BEGIN

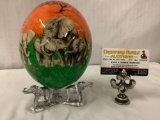 Hand painted ostrich egg with elephant design and stand with elephant figures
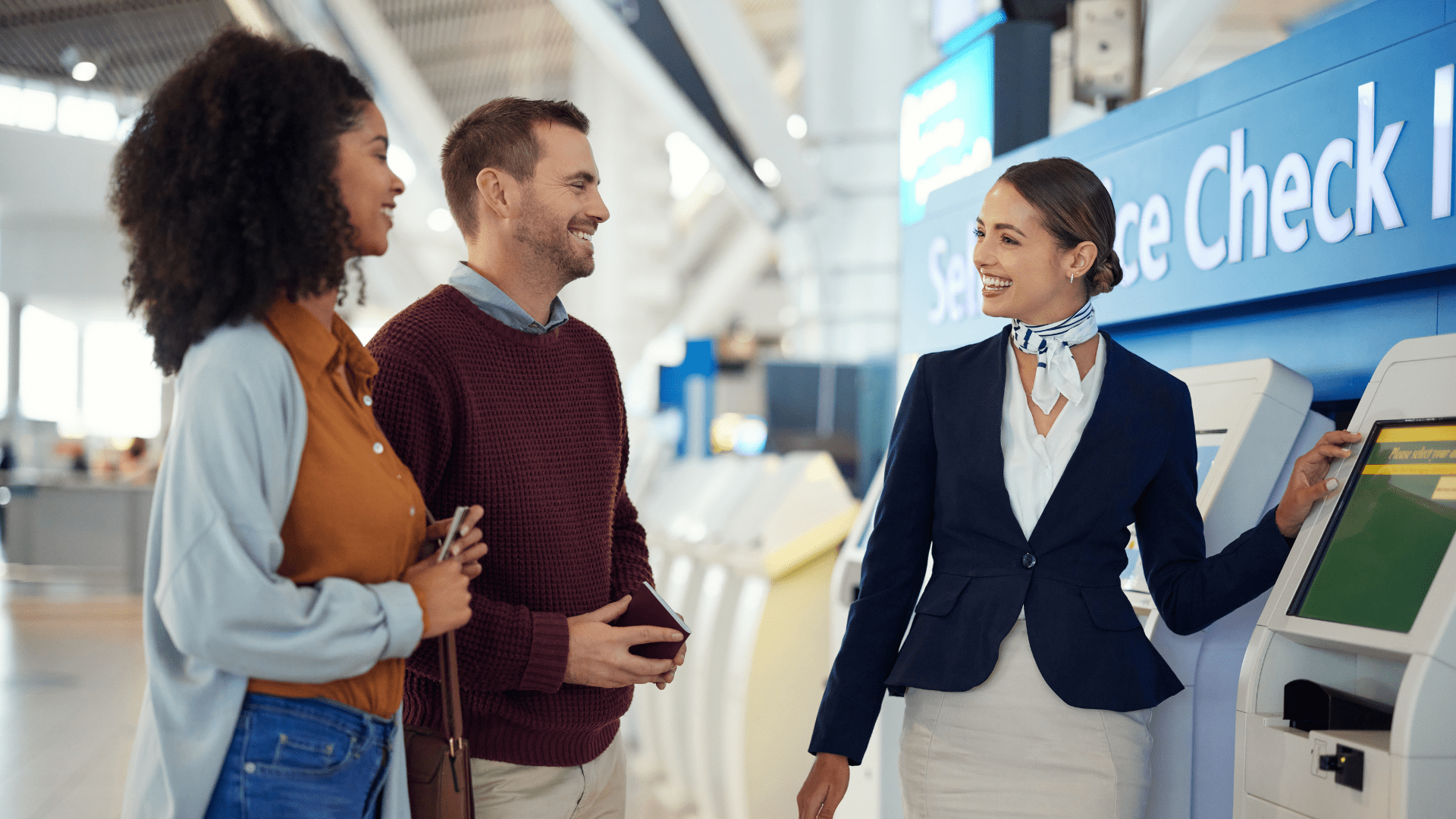 An airport employee assists two passengers with self-service check-in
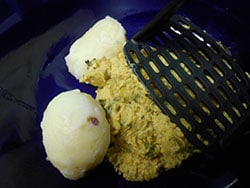 2 Baked potatoes (peeled) and placed into bowl with blended squash ready to be mashed together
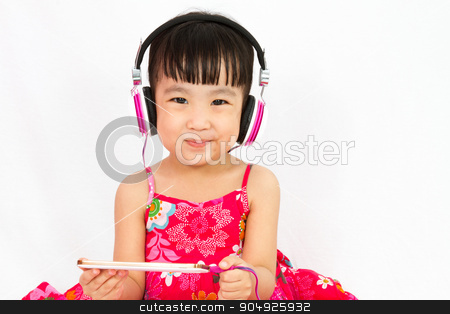 To use this stock image in your creative project, please select the size you need over to the right and click the "Add to Cart" button.
Your downloaded image will come with the Cutcaster watermark removed so don’t worry about the watermark you see on this page. Chinese little girl on headphones holding mobile phone stock photo, Chinese little girl on headphones holding mobile phone in plain isolated white background. by Tan Kian Khoon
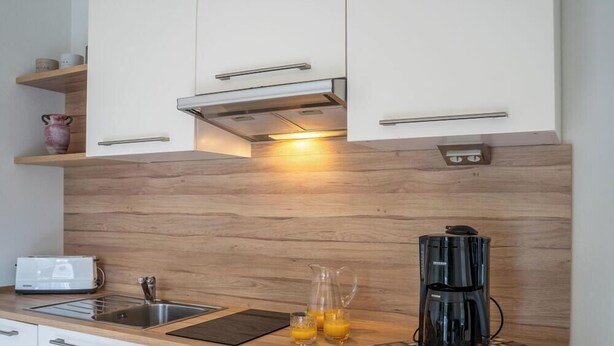 Una cucina moderna con mobili bianchi, una schiena di legno, una macchina per il caffè e un tostapane.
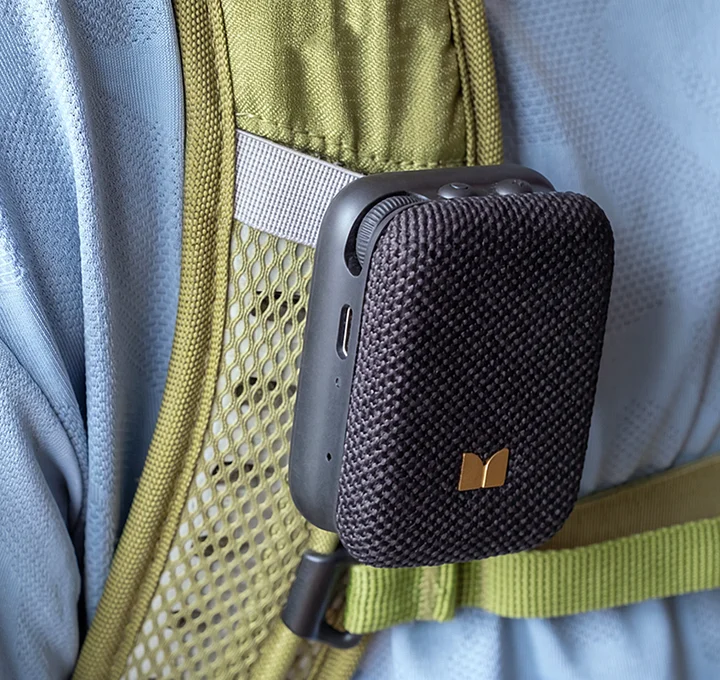 Mini altavoz Bluetooth negro sujeto a la correa verde oliva de una mochila
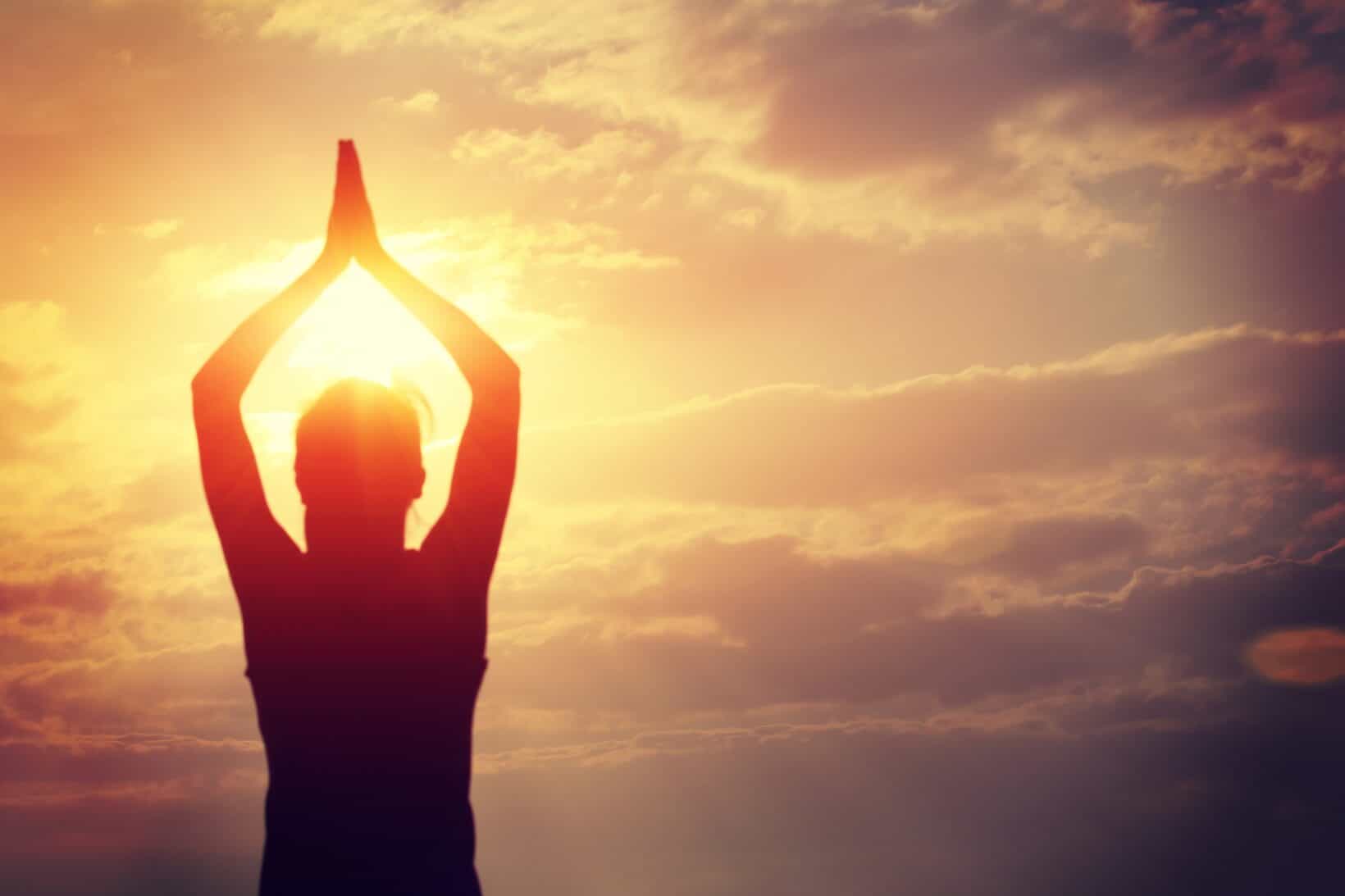 Woman doing yoga at sunrise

END

__ACTION ITEM__
Repeat only what lies between the start of the data and the end of the line containing "Your downloaded image", exactly, with pictures left out.

__WRITTEN REPLY__
 Hand painted ostrich egg with elephant design and stand with elephant figures
 An airport employee assists two passengers with self-service check-in
 2 Baked potatoes (peeled) and placed into bowl with blended squash ready to be mashed together
 To use this stock image in your creative project, please select the size you need over to the right and click the "Add to Cart" button.
Your downloaded image will come with the Cutcaster watermark removed so don’t worry about the watermark you see on this page. Chinese little girl on headphones holding mobile phone stock photo, Chinese little girl on headphones holding mobile phone in plain isolated white background. by Tan Kian Khoon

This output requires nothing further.